In support of his contention that he had been brainwashed and ordered to murder Geertz, Fishman attached a series of documents to a motion to reconsider venue. This filing has since become known as the Fishman Affidavit. It included purported Scientology documents describing obstructionist tactics to use in the event of an arrest, as well as versions of Operating Thetan levels I through VII and purported excerpts of OT VIII. Fishman's filing placed the advanced materials on record at the district court, available for viewing by the general public. Despite an unsuccessful church motion to seal the court record and efforts to keep the court files continuously checked out, former Scientologist Arnaldo Lerma obtained the affidavit and posted it on the internet, after which it spread uncontrollably. In the process of suing Lerma for copyright infringement, the church confirmed that the copies of levels I through VII were accurate.

A federal district court summarily dismissed the church's claims against Time Warner and Behar, finding that they had not acted with actual malice insofar as the church was concerned. The church dropped its claims against Fishman and Geertz after Geertz's legal team served subpoenas upon such Scientologist celebrities as Kelly Preston, Juliette Lewis and Isaac Hayes. The court record in the Fishman case remained open to the public.

==Wollersheim litigation==
Fishman submitted a declaration on behalf of Lawrence Wollersheim in 1993, claiming firsthand knowledge of tactics the Church had used to interfere with Wollersheim's lawsuit against the church. In the declaration (affidavit), Fishman alleged the Church had drowned the trial judge's dog and made harassing phone calls to Wollersheim at night.

==Authenticity of Fishman's Church History==

A substantial amount of controversy regarding Fishman's involvement with the Church of Scientology has emerged in the decades since the affair. The allegations calling Fishman's involvement into question initially came solely from the Church (CoS) itself and their legal representation, who pursued the libel suit after discovering that he was not in their member data or records.
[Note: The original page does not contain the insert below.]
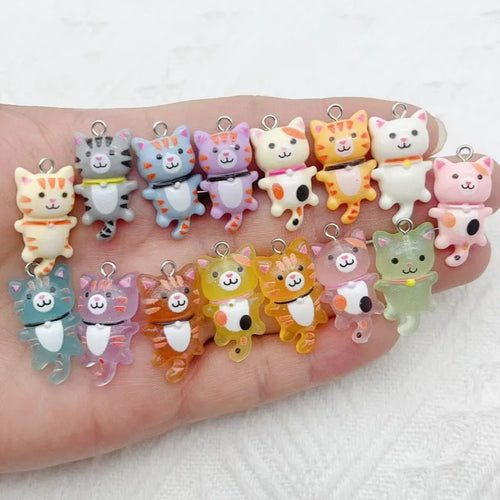 12pcs Cute Mini Cat Resin Pendant DIY Handmade Earrings Necklace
In August 2015, prolific Scientology critic and investigator Tony Ortega published an exposé on the Fishman Case; in which he characterizes Steven Fishman as a "squirrel" (or Independent Scientologist). He describes Fishman as follows:

"Actual longtime Scientologists will tell you that the material in [Fishman's] book, as well as Fishman's statements on his notorious set of videos (recorded by his attorney to prove to the court that Fishman was a lunatic) prove that Fishman was never a Scientologist, but a nutcase who had amassed a huge library of Scientology materials which he studied closely so he could talk as though he knew what he was talking about — at least to the uninitiated."
— Tony Ortega

In addition to there being no historical Scientology completions for Steven Fishman listed, produced, or published, many since-apostatized Scientologists named in Fishman's self-published memoir, Lonesome Squirrel, have categorically refuted the events of the book mentioning them, and denied having known him altogether. Fishman himself has long asserted that he received OT levels I to VII and VIII respectively from two Sea Org members on separate instances. Ortega, though professing skepticism regarding this, states that he believes the OT-VIII document to be authentic nonetheless.

As we began reading "Lonesome Squirrel," we realized that some of the people named in it have, 20 years later, come out of the church. So we reached out to them and they confirmed for us that nothing in the book associated with them actually happened. "Lonesome Squirrel" is an incredibly creative work of fiction that has enough actual names and locations and quotations from L. Ron Hubbard's work that it has a veneer of authenticity.